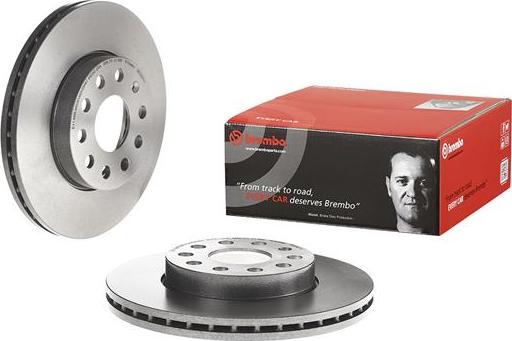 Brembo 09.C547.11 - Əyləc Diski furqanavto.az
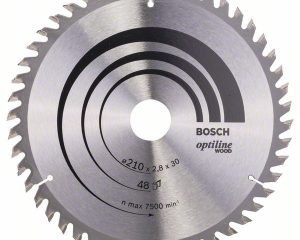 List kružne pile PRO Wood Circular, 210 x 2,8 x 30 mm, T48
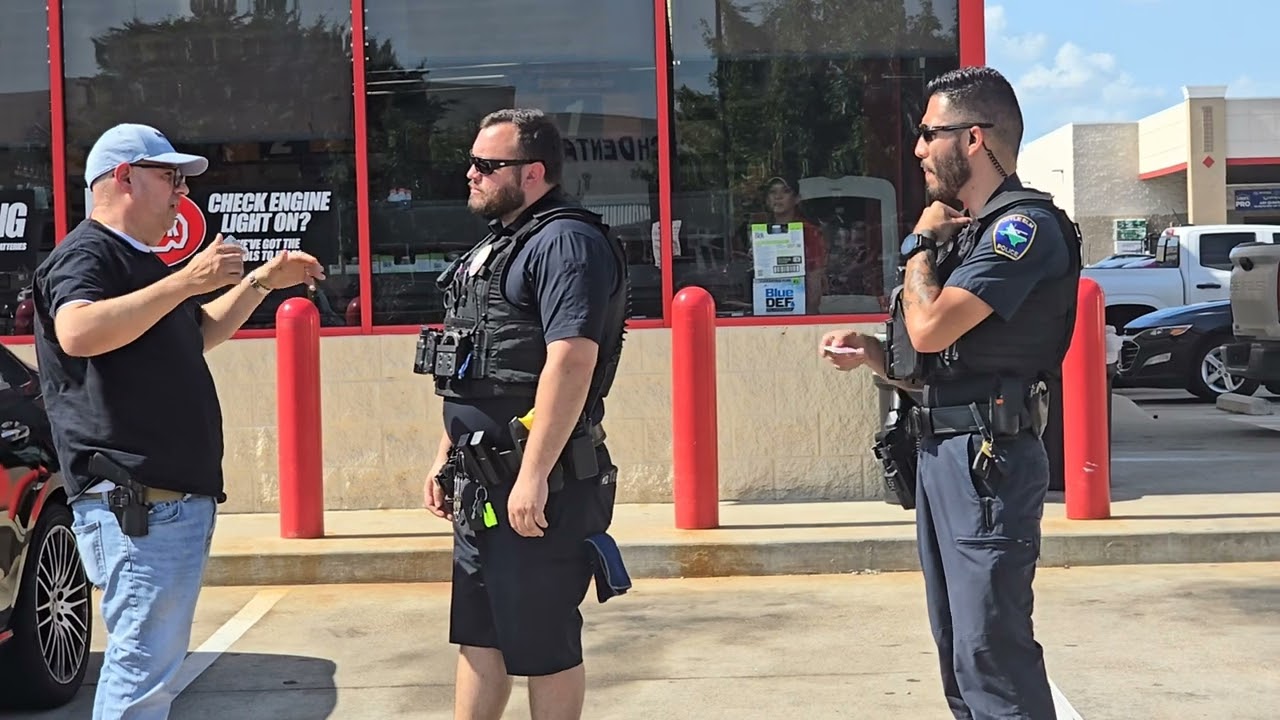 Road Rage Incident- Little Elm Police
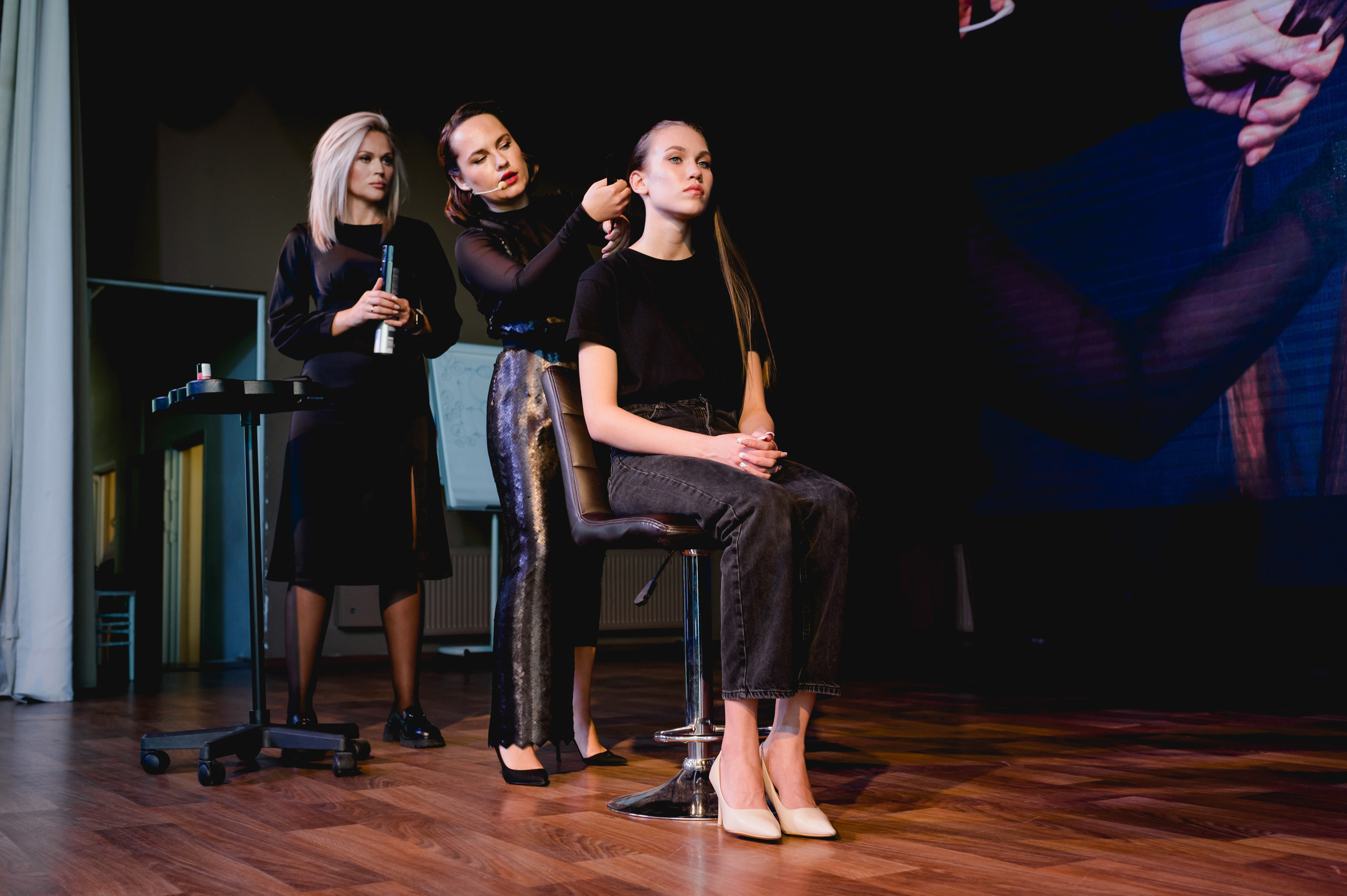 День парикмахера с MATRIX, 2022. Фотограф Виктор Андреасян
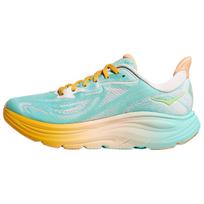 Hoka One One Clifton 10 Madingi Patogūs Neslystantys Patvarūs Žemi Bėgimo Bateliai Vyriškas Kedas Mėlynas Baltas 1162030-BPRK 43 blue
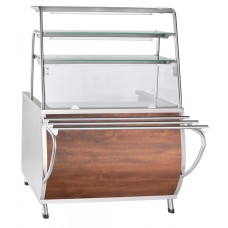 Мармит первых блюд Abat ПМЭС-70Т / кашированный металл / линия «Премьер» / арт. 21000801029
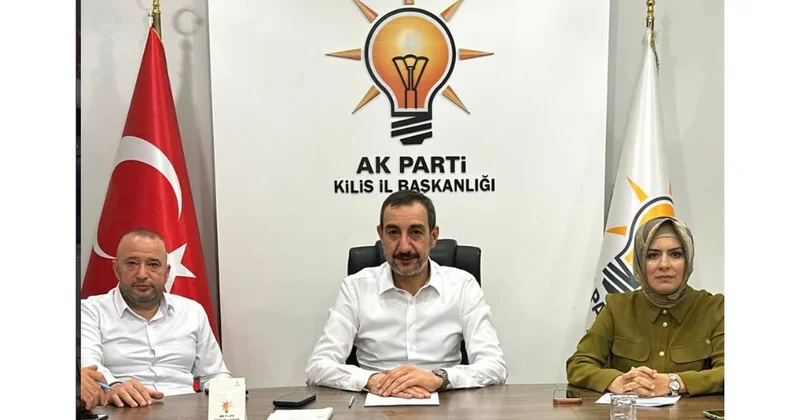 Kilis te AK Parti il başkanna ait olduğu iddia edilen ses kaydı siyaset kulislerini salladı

* * *

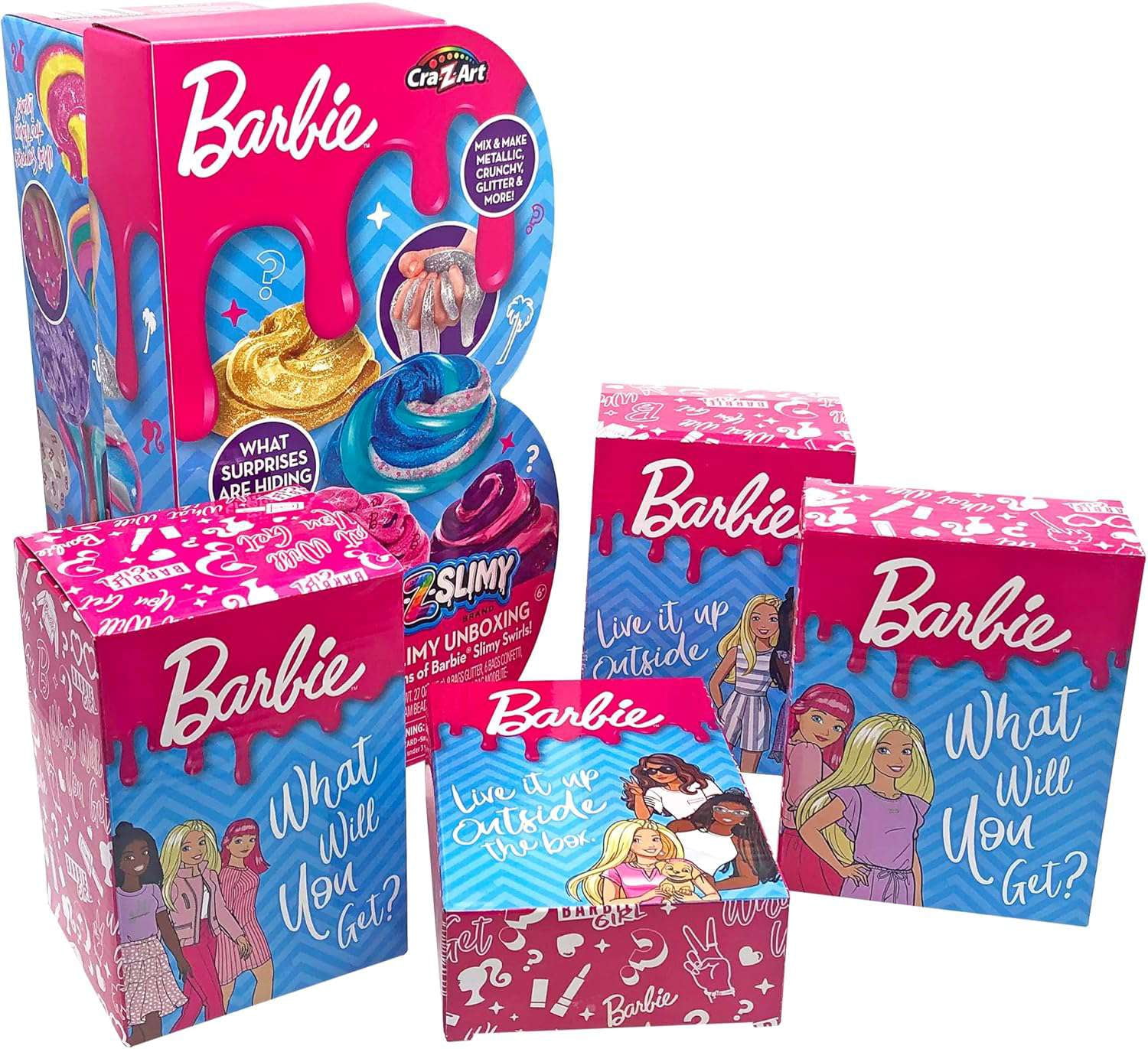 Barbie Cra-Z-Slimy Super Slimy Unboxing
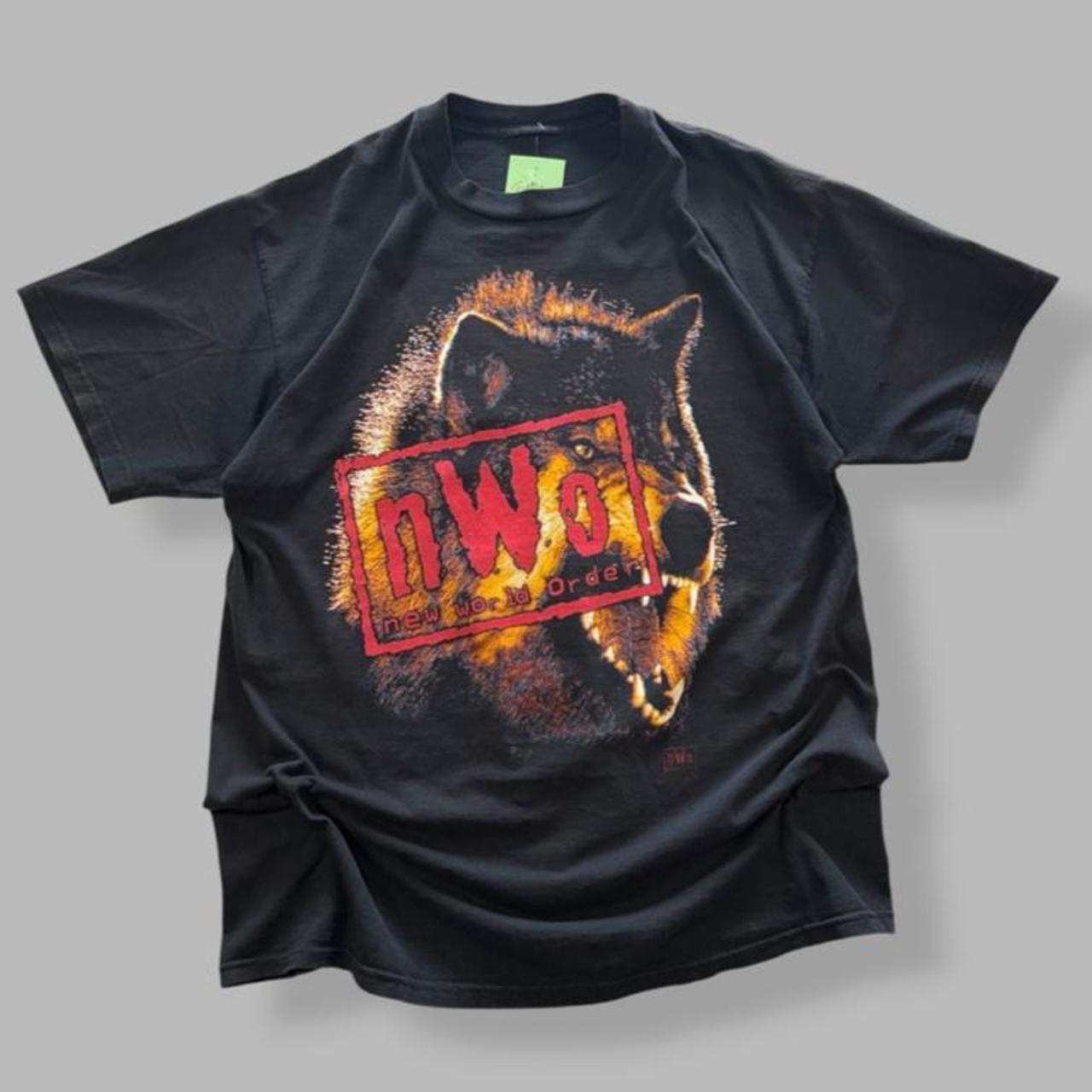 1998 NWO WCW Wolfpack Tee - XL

#### [REQUIREMENT]
Look above for the line holding "Brembo 09.C547.11 - Əyləc" and output everything from it down to the line holding "Kilis te AK", both ends included, exactly and without images.

#### [RESULT]
 Brembo 09.C547.11 - Əyləc Diski furqanavto.az
 List kružne pile PRO Wood Circular, 210 x 2,8 x 30 mm, T48
 Road Rage Incident- Little Elm Police
 День парикмахера с MATRIX, 2022. Фотограф Виктор Андреасян
 Hoka One One Clifton 10 Madingi Patogūs Neslystantys Patvarūs Žemi Bėgimo Bateliai Vyriškas Kedas Mėlynas Baltas 1162030-BPRK 43 blue
 Мармит первых блюд Abat ПМЭС-70Т / кашированный металл / линия «Премьер» / арт. 21000801029
 Kilis te AK Parti il başkanna ait olduğu iddia edilen ses kaydı siyaset kulislerini salladı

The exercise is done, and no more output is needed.